(Input data begins)

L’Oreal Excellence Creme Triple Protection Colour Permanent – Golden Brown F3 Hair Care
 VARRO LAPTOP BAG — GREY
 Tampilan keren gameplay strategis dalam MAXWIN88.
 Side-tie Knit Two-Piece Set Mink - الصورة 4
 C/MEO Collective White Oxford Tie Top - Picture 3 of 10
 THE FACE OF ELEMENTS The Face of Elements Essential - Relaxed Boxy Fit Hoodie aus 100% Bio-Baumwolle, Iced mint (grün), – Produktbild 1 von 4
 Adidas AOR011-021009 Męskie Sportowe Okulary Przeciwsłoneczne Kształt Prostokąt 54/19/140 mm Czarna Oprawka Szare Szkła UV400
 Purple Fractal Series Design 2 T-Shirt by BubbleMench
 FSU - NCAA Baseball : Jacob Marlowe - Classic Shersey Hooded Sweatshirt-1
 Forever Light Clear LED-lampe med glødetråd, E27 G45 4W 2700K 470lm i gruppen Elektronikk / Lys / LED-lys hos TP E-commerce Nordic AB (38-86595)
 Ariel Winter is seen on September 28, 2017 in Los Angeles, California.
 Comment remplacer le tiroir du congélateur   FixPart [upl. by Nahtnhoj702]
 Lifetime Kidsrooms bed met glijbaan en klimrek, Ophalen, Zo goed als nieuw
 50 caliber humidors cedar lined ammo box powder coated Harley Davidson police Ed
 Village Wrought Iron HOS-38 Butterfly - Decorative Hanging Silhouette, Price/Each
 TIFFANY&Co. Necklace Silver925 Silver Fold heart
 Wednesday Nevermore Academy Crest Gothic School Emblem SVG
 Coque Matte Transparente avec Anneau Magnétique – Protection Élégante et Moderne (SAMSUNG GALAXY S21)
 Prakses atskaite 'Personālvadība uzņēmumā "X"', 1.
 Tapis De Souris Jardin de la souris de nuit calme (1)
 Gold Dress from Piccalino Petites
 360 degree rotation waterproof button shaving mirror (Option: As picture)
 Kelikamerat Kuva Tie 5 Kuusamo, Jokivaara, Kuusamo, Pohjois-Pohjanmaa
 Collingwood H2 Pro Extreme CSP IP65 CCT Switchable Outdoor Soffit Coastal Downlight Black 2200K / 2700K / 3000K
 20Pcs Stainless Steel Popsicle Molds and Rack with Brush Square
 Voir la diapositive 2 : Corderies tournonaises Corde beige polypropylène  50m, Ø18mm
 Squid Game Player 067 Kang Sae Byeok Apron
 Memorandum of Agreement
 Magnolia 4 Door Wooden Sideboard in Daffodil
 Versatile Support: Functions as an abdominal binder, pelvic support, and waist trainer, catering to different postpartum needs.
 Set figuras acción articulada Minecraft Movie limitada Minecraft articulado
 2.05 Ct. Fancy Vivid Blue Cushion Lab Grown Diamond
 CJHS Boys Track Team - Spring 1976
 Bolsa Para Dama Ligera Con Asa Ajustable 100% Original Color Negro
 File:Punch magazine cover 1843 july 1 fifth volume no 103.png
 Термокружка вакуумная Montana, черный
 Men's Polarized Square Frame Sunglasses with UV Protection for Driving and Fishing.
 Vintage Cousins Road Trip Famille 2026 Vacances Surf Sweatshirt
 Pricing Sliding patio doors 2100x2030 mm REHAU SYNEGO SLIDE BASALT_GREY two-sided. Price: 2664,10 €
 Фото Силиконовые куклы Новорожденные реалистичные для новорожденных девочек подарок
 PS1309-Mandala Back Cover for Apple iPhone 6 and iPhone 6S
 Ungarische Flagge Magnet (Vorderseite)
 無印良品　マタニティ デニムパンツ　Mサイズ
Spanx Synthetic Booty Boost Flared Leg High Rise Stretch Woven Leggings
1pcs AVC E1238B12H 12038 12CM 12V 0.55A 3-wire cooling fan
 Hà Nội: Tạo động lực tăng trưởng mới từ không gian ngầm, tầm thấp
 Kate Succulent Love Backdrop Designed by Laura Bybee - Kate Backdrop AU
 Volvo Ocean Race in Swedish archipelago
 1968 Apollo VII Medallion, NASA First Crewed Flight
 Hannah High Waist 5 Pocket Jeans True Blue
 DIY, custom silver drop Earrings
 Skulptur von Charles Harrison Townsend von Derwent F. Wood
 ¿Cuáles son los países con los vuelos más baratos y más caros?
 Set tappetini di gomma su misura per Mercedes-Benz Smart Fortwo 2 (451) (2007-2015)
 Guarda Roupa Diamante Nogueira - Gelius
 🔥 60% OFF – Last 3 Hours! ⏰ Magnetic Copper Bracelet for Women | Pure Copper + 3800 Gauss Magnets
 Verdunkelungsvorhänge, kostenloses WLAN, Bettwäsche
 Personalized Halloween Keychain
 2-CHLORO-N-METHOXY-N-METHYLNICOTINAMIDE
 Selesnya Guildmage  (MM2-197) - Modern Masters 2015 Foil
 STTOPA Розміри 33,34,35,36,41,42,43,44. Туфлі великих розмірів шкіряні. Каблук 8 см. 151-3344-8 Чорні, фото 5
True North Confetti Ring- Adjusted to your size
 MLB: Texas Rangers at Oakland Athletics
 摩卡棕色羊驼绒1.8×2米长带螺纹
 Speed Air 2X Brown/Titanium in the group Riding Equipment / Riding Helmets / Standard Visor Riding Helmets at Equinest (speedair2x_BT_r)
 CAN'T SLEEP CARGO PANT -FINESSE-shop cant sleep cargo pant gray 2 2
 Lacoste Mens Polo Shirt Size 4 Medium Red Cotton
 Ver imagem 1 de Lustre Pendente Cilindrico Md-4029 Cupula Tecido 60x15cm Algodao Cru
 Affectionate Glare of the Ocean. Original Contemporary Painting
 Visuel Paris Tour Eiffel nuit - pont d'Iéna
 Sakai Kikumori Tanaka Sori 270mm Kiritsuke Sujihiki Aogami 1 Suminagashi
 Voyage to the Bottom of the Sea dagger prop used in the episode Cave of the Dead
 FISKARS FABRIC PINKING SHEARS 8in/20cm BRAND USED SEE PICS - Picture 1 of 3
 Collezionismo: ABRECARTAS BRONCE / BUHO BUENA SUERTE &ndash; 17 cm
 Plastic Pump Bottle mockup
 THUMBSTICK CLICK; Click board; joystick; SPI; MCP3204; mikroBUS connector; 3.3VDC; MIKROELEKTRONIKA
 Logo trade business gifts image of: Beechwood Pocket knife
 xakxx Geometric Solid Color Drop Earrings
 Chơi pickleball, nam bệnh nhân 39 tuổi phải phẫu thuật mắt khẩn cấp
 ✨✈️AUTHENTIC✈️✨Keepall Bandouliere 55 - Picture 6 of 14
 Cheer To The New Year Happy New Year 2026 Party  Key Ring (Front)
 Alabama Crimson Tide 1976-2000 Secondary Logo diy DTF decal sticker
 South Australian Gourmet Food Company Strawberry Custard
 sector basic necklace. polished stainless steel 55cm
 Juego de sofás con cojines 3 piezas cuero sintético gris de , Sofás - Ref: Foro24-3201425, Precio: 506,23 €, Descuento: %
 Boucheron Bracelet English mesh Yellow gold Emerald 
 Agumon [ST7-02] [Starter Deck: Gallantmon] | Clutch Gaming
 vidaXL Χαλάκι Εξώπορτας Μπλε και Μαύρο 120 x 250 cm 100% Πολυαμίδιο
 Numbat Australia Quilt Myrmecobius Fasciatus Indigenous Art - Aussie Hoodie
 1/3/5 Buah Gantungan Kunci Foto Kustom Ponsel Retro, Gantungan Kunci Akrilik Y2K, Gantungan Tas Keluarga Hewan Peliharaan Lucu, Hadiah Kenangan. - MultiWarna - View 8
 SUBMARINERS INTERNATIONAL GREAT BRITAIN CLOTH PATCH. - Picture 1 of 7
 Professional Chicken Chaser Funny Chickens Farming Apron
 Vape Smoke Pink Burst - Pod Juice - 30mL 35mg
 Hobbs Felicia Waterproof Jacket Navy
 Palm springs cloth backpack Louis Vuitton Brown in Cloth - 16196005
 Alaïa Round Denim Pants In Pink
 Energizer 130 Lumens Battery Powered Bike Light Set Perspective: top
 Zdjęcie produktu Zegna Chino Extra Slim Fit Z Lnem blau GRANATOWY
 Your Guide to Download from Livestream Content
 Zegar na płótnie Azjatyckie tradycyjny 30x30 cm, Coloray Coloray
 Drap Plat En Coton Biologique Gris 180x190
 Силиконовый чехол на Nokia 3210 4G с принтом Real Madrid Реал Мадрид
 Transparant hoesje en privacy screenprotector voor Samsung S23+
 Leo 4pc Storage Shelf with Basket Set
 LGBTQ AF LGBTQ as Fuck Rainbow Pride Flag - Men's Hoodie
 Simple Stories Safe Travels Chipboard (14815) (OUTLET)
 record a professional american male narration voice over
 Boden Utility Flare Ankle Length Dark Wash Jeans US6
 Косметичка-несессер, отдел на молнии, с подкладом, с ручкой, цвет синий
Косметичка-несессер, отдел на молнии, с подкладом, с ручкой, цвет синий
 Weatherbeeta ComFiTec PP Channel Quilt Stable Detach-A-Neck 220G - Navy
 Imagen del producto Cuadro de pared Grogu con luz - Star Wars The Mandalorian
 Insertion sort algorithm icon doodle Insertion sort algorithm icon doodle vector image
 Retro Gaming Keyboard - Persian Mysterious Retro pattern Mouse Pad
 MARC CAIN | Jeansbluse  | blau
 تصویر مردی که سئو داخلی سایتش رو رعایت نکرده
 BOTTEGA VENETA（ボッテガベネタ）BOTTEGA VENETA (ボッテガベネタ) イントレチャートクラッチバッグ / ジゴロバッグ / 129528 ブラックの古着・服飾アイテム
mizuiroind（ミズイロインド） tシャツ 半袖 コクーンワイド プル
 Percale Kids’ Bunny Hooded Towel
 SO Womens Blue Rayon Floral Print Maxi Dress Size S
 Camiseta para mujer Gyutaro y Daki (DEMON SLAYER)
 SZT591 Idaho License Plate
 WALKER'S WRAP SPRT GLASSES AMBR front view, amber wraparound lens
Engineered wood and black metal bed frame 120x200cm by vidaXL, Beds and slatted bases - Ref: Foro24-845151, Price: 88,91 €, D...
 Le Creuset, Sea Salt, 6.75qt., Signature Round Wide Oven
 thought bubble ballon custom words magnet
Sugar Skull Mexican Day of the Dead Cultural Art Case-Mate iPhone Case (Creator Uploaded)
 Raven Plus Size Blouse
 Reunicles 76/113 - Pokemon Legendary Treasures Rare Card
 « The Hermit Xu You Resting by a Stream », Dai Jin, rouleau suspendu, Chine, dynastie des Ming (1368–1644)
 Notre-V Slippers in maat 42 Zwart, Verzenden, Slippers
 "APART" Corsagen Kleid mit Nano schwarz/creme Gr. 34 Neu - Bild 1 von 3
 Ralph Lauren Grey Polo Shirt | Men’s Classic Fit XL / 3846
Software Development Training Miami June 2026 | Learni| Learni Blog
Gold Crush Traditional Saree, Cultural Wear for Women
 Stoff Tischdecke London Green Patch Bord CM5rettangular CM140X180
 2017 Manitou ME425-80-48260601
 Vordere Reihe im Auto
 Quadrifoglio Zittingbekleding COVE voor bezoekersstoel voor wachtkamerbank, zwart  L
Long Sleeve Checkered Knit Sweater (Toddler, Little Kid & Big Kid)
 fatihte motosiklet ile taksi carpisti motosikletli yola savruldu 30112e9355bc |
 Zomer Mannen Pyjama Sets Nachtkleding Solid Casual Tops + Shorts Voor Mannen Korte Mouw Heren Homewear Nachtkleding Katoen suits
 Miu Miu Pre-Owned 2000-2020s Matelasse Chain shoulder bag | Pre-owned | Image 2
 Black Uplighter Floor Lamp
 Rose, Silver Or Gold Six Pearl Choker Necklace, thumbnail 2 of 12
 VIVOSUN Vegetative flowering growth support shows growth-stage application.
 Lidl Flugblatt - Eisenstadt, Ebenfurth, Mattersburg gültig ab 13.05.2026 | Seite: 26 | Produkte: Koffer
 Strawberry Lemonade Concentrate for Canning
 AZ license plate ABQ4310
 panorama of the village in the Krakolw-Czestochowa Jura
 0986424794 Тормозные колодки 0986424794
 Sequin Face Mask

(Input data ends)

» **Task goal**
Give the number of lines in the material above that have the word "Earrings" in them, and nothing more.

» **Your solution**
2